Diagnosis: Gastric cancer
Total treatments: 8
My name is Howard and I’m a Diagnostic Radiologist now for over 30 years. My specialty is body imaging, which is oncology imaging for CT, MRI and PET scans. I have helped multiple patients over the years with my job and have many cancer survivor friends, as I have been doing charity work with cancer survivors for a number of years. I never expected to end up on the other side of the glass (as imagers we have lead-lined glass to keep radiation away from the health care providers. Now I’m on the other side which is a lot less fun).
I have always thought of myself as healthy with normal labs and blood pressure. However, in February 2018 while eating at a family event I experienced terrible pain in my upper abdomen. It soon subsided and was difficult to reproduce. I also started experiencing some difficulty in drinking quickly and eating larger quantities of food. I blamed it on age, esophageal dysmotility, GE reflux, gastritis or my heartburn meds. After several months of not improving, I saw a GI doctor, who recommended upper endoscopy. My first endoscopy showed what he thought was severe gastritis, however, follow-up studies showed gastric cancer which was infiltrating throughout my stomach (linitis plastica). I started treatment this year which consisted of 4 rounds of chemo, then I had my whole stomach removed, and then 4 more rounds of chemo. Luckily, I am now in remission and doing well!
Before I started chemo, a cancer survivor friend mentioned DigniCap to me. My oncologist said that they had the machine so I tried it out. I had all of my chemo at Florida Cancer Specialists. They charge $400 for each treatment. Doing simple math, one can see it’s not cheap for 8 rounds, but I did it for all 8. The DigniCap or head freezing, as I call it, is not a fun experience. My chemo sessions were long, so I had to wear the DigniCap for 7 hours! Having my head near freezing for that long is quite miserable, but it got better with time, as with later chemo sessions I was given IV Benadryl which knocked me out. However, as DigniCap worked, I used it each time. The first 4 rounds I lost minimal head hair, the second 4 rounds I did have some hair loss and thinning, which may be due to the fact my chemo was changed. The pic I attached is my hair after 8 rounds of chemo, taken last week and I had a haircut in May.
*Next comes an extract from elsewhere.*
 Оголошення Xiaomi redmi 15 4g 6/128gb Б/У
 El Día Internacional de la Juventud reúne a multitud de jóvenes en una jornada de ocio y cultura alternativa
For a semi-old dude, I have a lot of hair on my head. I have very little body hair and now I have almost none after the chemo. My white hair is my trademark and makes me very recognizable by friends and others. So, for me keeping my hair was very important. I already feel crappy from the chemo, have trouble eating without a stomach, have a port and a feeding tube; so, I well know, that I have cancer. So, me being bald on top of that would not be psychologically good for me.
I feel as a physician that DigniCap, should be much more affordable and/or covered by insurance, as it is more than just cosmetic. Again, if I did not have my hair, my self-image, which already has taken a beating from the cancer and the subsequent therapy, would have been much worse. Keeping my hair has given me a sense of normality during one of the worst experiences of my life.
Cancer is a crappy experience for anyone to go thru. I have actually done quite well and worked during my whole treatment except I took off 4 weeks for surgery. As I kept my hair and have a feeding tube to keep my weight up, most people had not idea I had cancer. In fact, as I let my hair go natural, which is curly for me, over the last few weeks I have gotten at least 5 compliments on how wonderful my hair looks. I am probably the only person in cancer history to get compliments on their hair during chemo!!!
I’ve blabbed enough for now. Anyway, if I can help others keep their hair and thus some sense of dignity and self-esteem during their cancer experience, I would be happy to do so!